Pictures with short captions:
-*-*-

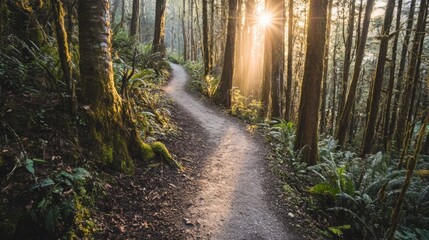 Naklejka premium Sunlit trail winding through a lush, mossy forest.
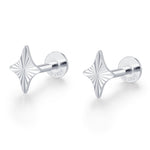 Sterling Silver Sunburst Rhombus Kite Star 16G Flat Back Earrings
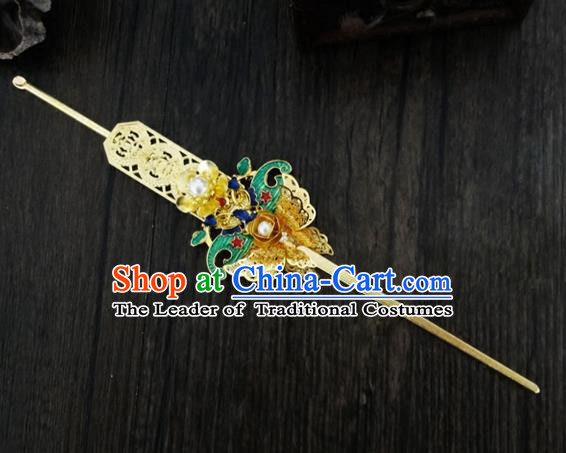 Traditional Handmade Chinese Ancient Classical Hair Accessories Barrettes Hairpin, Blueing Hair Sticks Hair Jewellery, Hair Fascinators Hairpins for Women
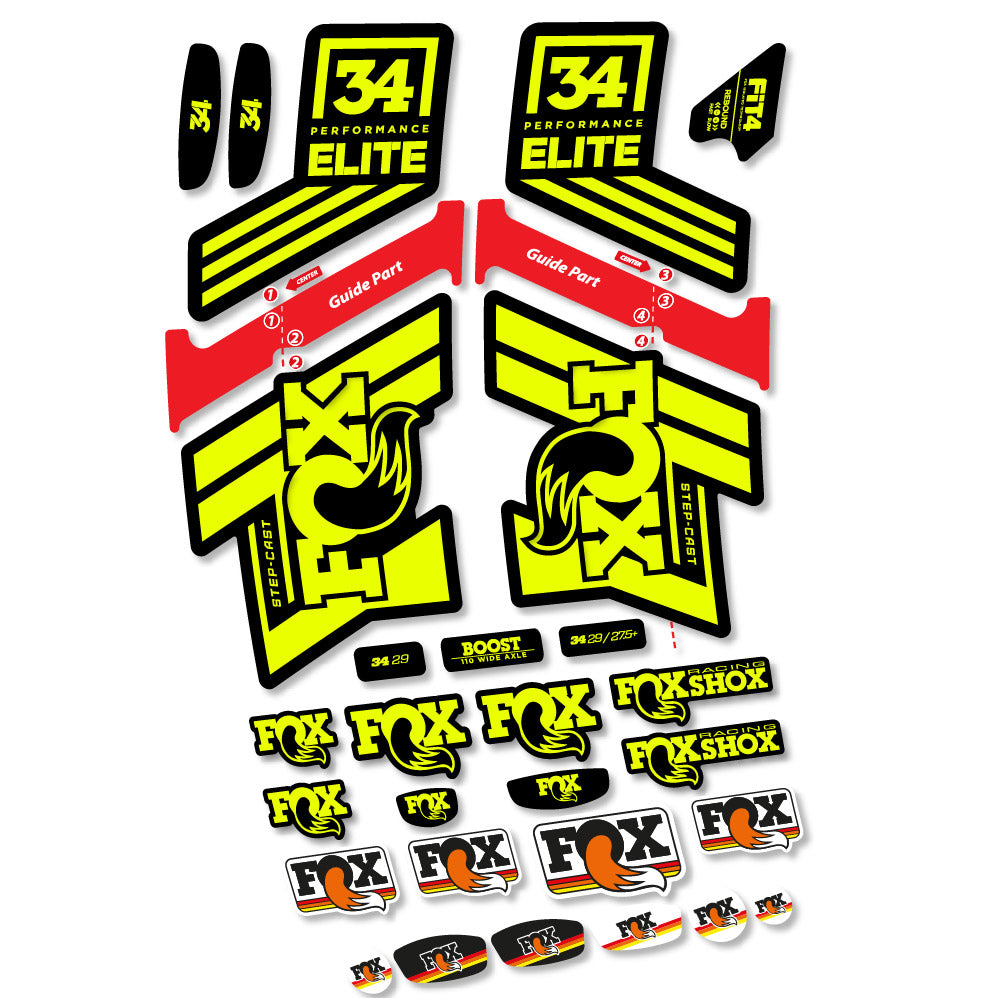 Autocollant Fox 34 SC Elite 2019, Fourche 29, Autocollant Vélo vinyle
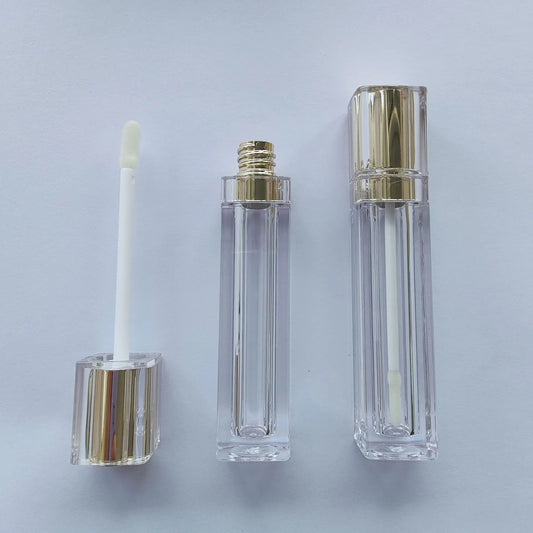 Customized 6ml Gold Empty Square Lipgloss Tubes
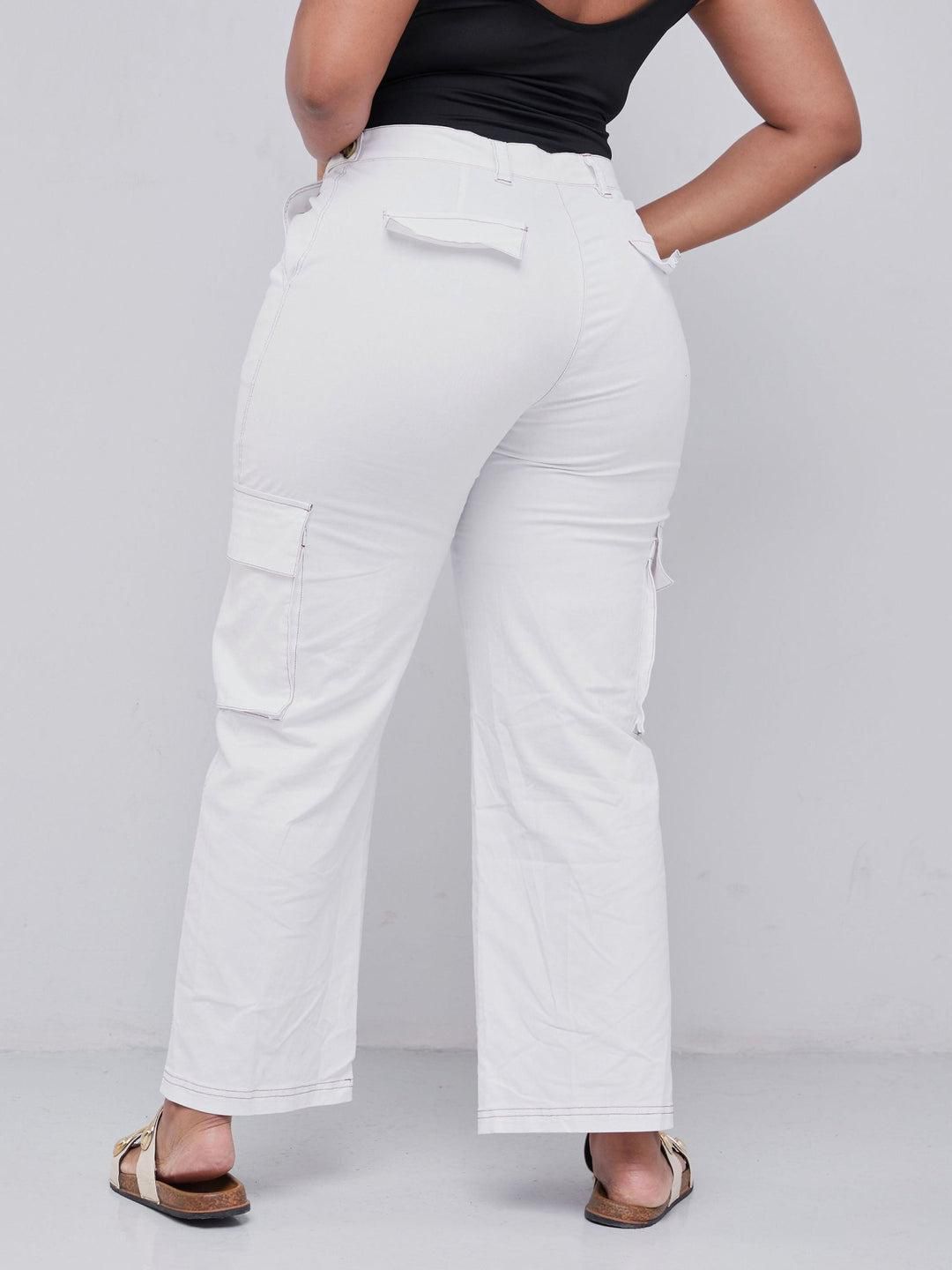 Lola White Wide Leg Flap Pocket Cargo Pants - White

-*-*-

Problem to work on:
Reproduce exactly, and only, the lines that begin at the one containing "Autocollant Fox 34" and end with the final line of the data, both included, while omitting every picture.

Solution:
 Autocollant Fox 34 SC Elite 2019, Fourche 29, Autocollant Vélo vinyle
 Customized 6ml Gold Empty Square Lipgloss Tubes
 Lola White Wide Leg Flap Pocket Cargo Pants - White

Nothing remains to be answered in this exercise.